Secondo la Procura, che assieme ai Carabinieri e alle Fiamme Gialle ha portato a compimento le indagini, il direttore provinciale dell’Agenzia delle Entrate del capoluogo pentro (come detto sollevato dall’incarico nell’attesa che sia chiarita la posizione giudiziaria, ndr) avrebbe fatto pressioni sul commissario giudiziale della Dr Motor Company – figura questa nominata dal Tribunale – al fine di ottenere una cospicua somma di denaro in cambio di presunte agevolazioni che avrebbe potuto compiere per alleggerire il peso economico della somma che l’azienda automobilistica in concordato avrebbe dovuto versare al fisco.

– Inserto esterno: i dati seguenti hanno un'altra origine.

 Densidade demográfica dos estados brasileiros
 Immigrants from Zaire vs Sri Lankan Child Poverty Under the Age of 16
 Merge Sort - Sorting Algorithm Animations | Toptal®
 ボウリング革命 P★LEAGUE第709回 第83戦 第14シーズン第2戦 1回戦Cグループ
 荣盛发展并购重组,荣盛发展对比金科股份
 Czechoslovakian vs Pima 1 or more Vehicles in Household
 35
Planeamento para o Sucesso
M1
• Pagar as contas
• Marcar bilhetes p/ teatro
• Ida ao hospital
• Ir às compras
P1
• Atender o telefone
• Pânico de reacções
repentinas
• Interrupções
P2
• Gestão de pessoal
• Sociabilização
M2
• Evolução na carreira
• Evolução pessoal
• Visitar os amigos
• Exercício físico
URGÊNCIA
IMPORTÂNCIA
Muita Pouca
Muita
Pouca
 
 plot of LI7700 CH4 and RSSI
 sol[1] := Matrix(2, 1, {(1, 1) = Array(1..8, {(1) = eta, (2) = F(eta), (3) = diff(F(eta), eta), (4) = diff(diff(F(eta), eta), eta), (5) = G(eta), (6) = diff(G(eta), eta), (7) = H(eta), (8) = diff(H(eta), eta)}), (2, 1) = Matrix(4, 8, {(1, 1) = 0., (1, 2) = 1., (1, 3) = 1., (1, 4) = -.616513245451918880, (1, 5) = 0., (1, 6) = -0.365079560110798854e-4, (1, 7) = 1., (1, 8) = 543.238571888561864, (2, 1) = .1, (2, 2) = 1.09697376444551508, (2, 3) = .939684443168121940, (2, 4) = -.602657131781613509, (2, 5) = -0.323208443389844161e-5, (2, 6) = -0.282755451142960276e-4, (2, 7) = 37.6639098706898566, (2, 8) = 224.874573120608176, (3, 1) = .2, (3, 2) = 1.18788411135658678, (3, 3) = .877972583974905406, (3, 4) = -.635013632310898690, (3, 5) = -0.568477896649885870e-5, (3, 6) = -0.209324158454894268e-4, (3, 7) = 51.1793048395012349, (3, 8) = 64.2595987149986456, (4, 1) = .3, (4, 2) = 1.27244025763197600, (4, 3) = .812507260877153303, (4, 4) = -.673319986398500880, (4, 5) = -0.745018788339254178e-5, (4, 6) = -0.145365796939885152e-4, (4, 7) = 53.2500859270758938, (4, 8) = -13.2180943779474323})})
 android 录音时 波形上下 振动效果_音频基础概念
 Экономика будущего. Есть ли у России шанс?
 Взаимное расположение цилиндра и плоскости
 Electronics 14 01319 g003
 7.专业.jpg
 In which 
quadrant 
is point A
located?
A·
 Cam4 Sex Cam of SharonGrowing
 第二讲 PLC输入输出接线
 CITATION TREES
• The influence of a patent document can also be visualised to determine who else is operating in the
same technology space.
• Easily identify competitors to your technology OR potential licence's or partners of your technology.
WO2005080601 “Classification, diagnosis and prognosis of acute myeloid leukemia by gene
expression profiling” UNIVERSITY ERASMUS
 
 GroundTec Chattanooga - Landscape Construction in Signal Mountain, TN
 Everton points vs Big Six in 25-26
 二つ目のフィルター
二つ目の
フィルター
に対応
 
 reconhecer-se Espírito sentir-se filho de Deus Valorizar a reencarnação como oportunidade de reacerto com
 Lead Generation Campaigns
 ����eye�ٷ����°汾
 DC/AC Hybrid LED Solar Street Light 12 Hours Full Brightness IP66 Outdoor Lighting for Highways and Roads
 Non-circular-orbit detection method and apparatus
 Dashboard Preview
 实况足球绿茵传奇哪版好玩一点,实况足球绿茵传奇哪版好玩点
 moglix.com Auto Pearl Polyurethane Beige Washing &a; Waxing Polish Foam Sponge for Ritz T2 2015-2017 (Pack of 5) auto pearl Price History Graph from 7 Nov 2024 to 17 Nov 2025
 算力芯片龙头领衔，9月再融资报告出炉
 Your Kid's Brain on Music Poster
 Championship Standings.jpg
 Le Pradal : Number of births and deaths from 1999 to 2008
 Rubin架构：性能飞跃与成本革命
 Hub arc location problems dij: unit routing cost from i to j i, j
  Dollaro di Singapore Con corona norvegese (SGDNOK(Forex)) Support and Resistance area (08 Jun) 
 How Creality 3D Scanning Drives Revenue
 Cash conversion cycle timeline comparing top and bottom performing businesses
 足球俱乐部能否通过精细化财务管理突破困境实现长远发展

Il commissario giudiziale ha, ovviamente, segnalato questa richiesta irricevibile alla Procura della Repubblica che ha avviato le conseguenti indagini, affidate ai militari del Comando Compagnia di Isernia e alla Guardia di Finanza del capoluogo di provincia. Indagini che si sono avvalse anche di apparecchiature tecniche specifiche, non meglio specificate dal procuratore Fucci nel corso della conferenza stampa tenutasi a margine dell’arresto avvenuto il 6 aprile scorso. Si potrebbe ipotizzare che siano state usate cimici ambientali che avrebbero registrato le conversazioni tra il direttore e il commissario giudiziale nel corso delle quali il primo avrebbe anche quantificato la somma richiesta: un milione di euro.
Ma sono molti gli interrogativi che i familiari, gli amici, i conoscenti, le persone che hanno avuto a che fare con il direttore Riccio nella sua qualità di direttore provinciale dell’Agenzia delle Entrate si pongono.
Chi lo conosce, personalmente e professionalmente, stenta a credere che le cose siano andate davvero così. E la difesa punterebbe proprio a dimostrare l’equivoco dal quale sarebbe poi nata tutta la vicenda: la richiesta di quella cifra, che secondo gli inquirenti configura il reato di tentata concussione, sarebbe stata avanzata nei confronti della Dr Motor Company in concordato dalla necessità di mettere in ordine i conti dell’azienda nei confronti dell’Erario. Non era una richiesta avanzata, quindi, a titolo personale.